On Rector Antoni Słomkowski’s initiative the Catholic University of Lublin resumed its activity as the first one in Poland upon the retreat of German occupation forces. An exceptionally hard stage for the life of University began in 1944 with the entrance of Soviet army and the taking over of power by so-called ‘people’s government’. Academic community of KUL embraced by official state authorities with a wall of contempt and distrust started to create an exceptional environment. Its ambition was the preservation and transfer of the pre-war memory and tradition of pre-socialist university culture to the new generations of Poles.


The increasing number of students embodied a cross-section of the society, diversity of customs, languages and origins. Despite differences, students of KUL very promptly made friends with one another. They studied at University where people were not afraid of speaking about God and jointly searched for truth. The KUL of the 40’s and 50’s was also a shelter to many young people with so-called ‘military biography’ who, for political reasons, were hiding from the security apparatus of an enslaved state.
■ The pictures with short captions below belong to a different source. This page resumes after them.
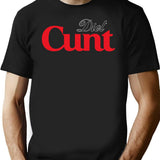 Diet Cunt Premium Heavyweight Cotton T-Shirt - Black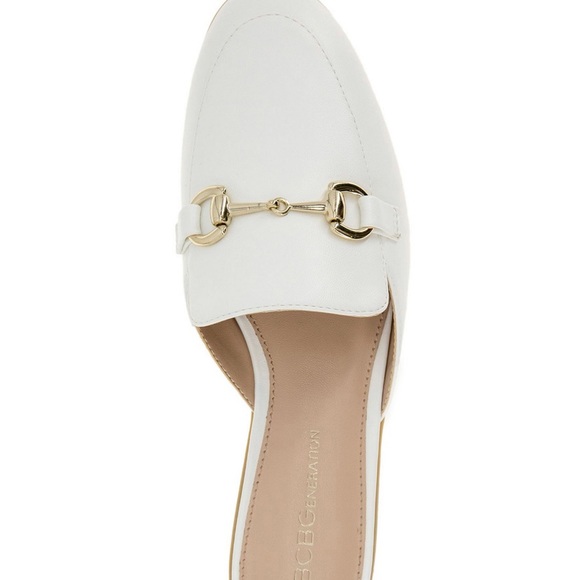 BCBGeneration zorie loafer size 10M/41 bright white - Picture 7 of 16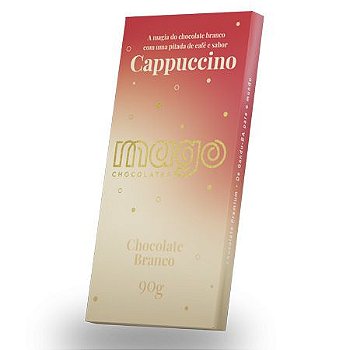 Chocolate Premium Branco - Cappuccino - 90g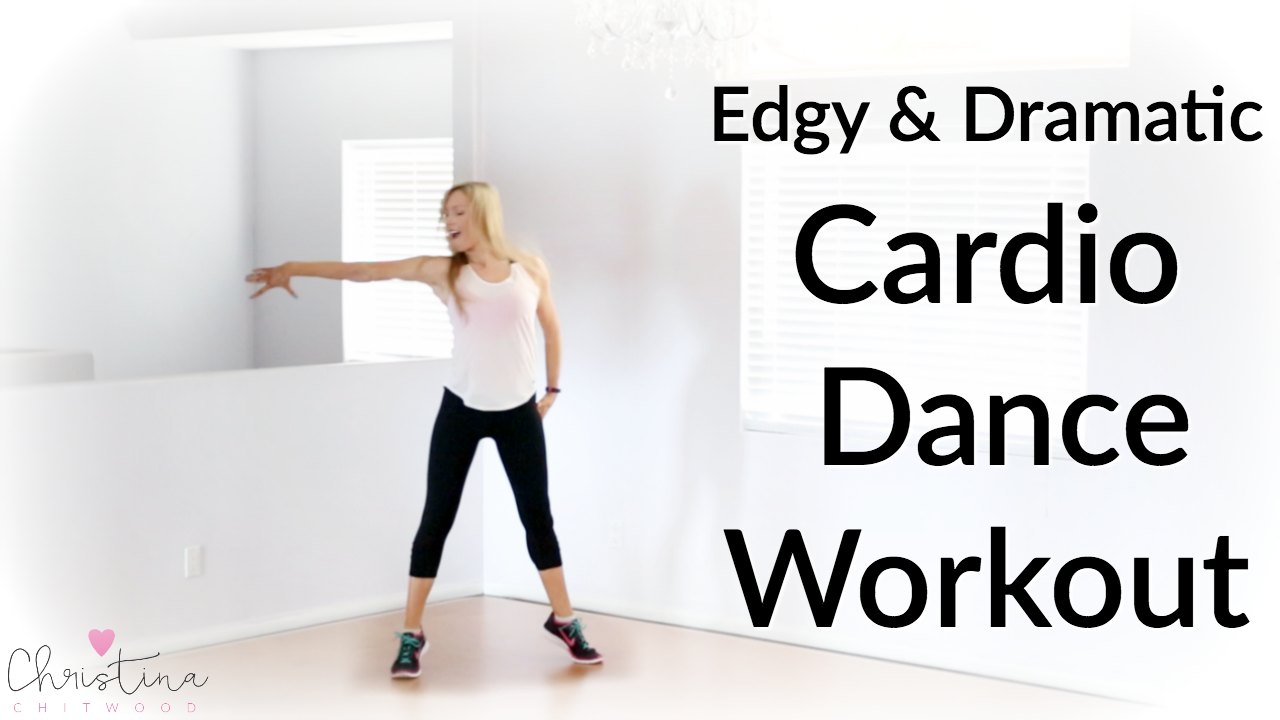 Edgy and Dramatic Cardio Dance Workout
Rector Rev. Słomkowski’s intention was the creation of university where departments would be chaired by distinguished scholars. Therefore, beside the former lecturers who survived the war, new excellent scholars were employed. The famous Lublin School of Philosophy was established at the Department of Philosophy. In the whole so-called ‘block of socialist countries’ only at our Catholic University it was possible to practise philosophy free of Marxist- Leninist ideology. Among the professors to whom we owe the above was Karol Wojtyła, the Bishop of Cracow, subsequently the Cardinal and Pope, Blessed John Paul II. He worked at KUL since 1954; in 1956 he became Head of the Chair and Unit of Ethics at the Department of Philosophy. He fulfilled his duties as lecturer until his election to the Holy See in 1978. The issues of freedom and human dignity, which also concerned students themselves in those hard times, were very frequently undertaken in Rev. Prof. Wojtyła’s teaching.
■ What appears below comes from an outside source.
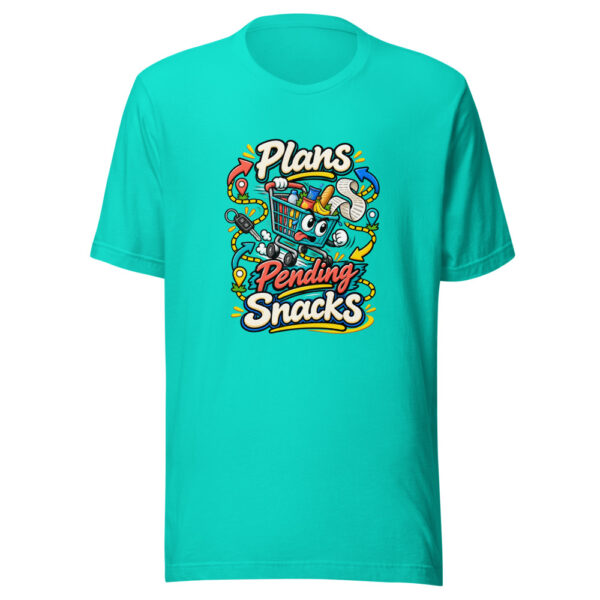 Plans Pending Snacks Graphic Tee mockup 2 Plans Pending Snacks Graphic Tee mockup 2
The process aiming to a gradual liquidation of University started since the end of the 40’s. In 1949 the authorities of People’s Republic of Poland began the closing of the Department of Law and Department of Social and Economic Sciences, followed by the closing of the Studies in Social and Economic Issues of the Countryside in the subsequent year. In 1953 pedagogical studies were liquidated and the Faculty of Humanities was rejected the right to conduct doctoral and postdoctoral programmes. Ten years later the process of liquidation of neo-philological sections was finally accomplished. At the same time, state authorities undertook actions aiming to reduce the number of students constantly increasing- authorities imposed very low limits on the number of students admitted to the first year of studies. Graduation from KUL usually resulted in the impossibility to find a job. Communist authorities rejected or postponed the issuance of the consent for employment of new employees; lecturers were refused to confirm the scientific degrees obtained; trips to foreign conferences were very difficult at that time. To complete the work of destruction, enormous income tax was imposed on University several times, thus increasing University’s debt. The state also took away Potulicka’s Foundation from KUL. These steps, however, did not reduce the public interest in the University. High level of lectures and unique atmosphere of true freedom invariably attracted the youth from all over the country. At that time the Friends of KUL Society played a vital role because its members associated both in the country and abroad generously supported and promoted the activities of University. KUL always had great support on the part of Polish, mostly Catholic, society. Among the defenders of the University one may not forget to mention Cardinal Stefan Wyszyński, Primate of the Millennium. Not only was he the graduate of the Faculty of Canon Law and Economic Sciences of KUL and Grand Chancellor of KUL between 1946 - 48, but he was also a devoted Friend and Advisor of our University.
After year 1970, during Father Mieczysław Albert Krąpiec, Rector of KUL’s term of office, many majors previously liquidated managed to be reactivated. In 1981 the Faculty of Social Sciences was created. University intensified contacts with several foreign universities, which resulted in numerous visits paid by scholars from many European and American universities and in the increase of opportunities for KUL employees to travel abroad. In recognition of KUL’s activity, numerous diplomats, ambassadors and consuls from many countries of Western Europe as well as the USA and Australia came to the annual ceremonies of the inauguration of each academic year. This recognition given to KUL by the authorities of the free world was an unambiguous gesture indicating that the suffering, renunciation and humiliation suffered in the years of Stalinist terror and at the time of the construction of ‘a socialist country’ were worth experiencing in order to live in conformity with the faith and conscience and to search for the truth.


16th October 1978 was an exceptional date because Cardinal Karol Wojtyła was elected Pope. In 1987 this most famous professor of the Catholic University of Lublin visited his Alma Mater, addressing the academic community with unique words remembered until today: “University! Serve the Truth!”.